User accounts give programs the ability to grant and prevent system access. Each account contains a user's personal and system-related information, such as a user ID and email address.

Hierarchy

All user accounts are initially assigned to the lowest-level parent organization in which they are created. This organization defines the data that he or she can view and manage. Each user account is associated with a user role(s) and a set of permissions.

A user can access data only for their assigned organization(s) and organizations lower in the hierarchy. 

  • School - The user can access only that school data.
  • District - The user can access district data, as well as data from the schools assigned to that district.

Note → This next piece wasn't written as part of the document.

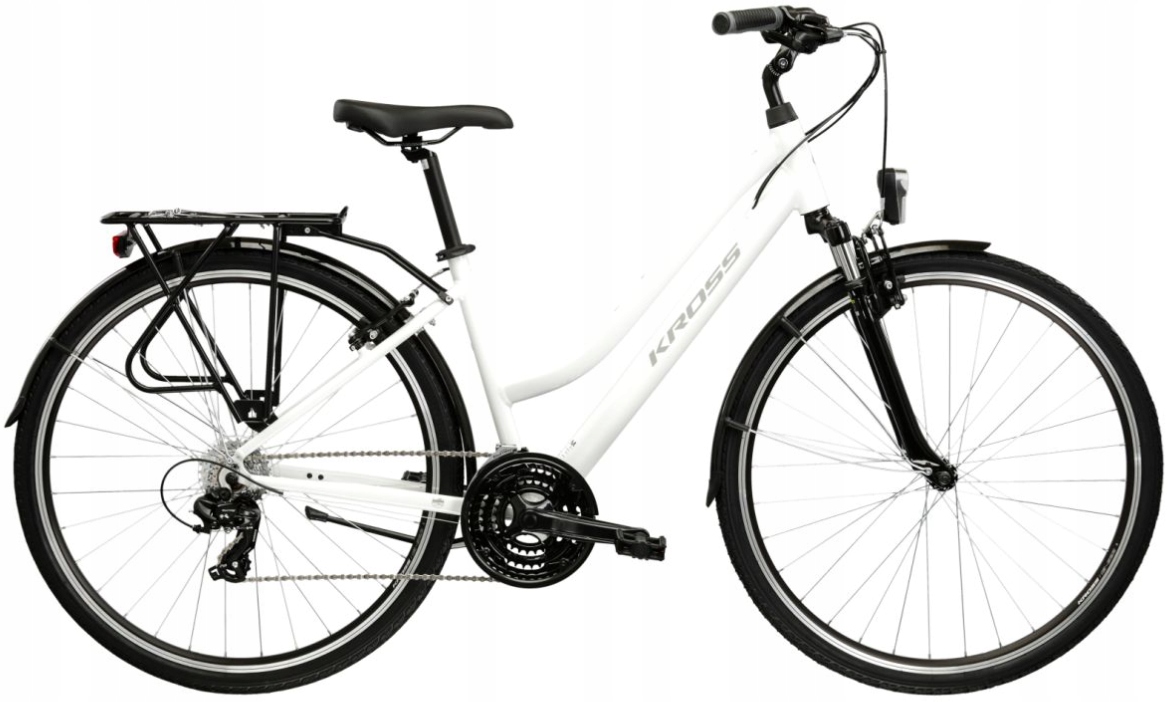 Rower trekkingowy damski Kross Trans 1.0 L(19") 28 biały/szary połysk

PearsonAccess Training versus Operational Site

User accounts use same login and password for both the training and operational sites. However, organization assignments apply only to the site in which the account was created.

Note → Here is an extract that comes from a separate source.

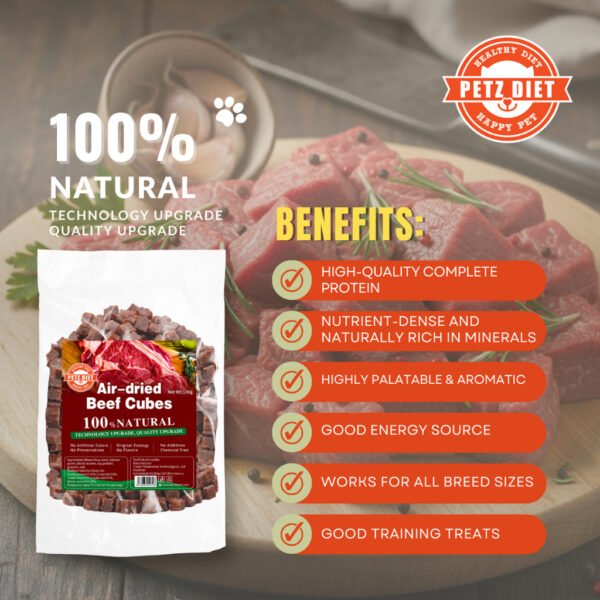 PETZ DIET 100% NATURAL PURE PREMIUM 100G Air Dried Beef Cubes (Dogs & Cats)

An authorized user must assign the user account to an organization in the alternative site — even for organization access identical to that of the other site.

State Customer has an operational site and a training site. An administrator in State Customer creates a user account for Teacher User in the operational site and assigns that account to the Local School organization. Even though the Teacher User account automatically exists in the shared login system, Teacher User can use the organization assignment only in the operational site.

Why? Because the two sites contain different data, stored in isolated locations, and Teacher User has not yet been assigned to an organization in the training site.

To grant organization access to the user account on both sites:

  1. Create and set up an account in one site.
  2. Log in to the other site.
  3. Type the user account name into the search field, and click Search.
  4. Type/select the rest of the user account data on the second site.

Data in the shared login system includes username, password, and related account metadata (such the last account access date and whether the account is active). This metadata  is not site-specific. the The shared login system stores metadata updates from both sites. For example, regardless of which site you most recently visited, the time and date of that log in appears the same. 

Other details are site-specific, such as the role and permissions assigned to the user account.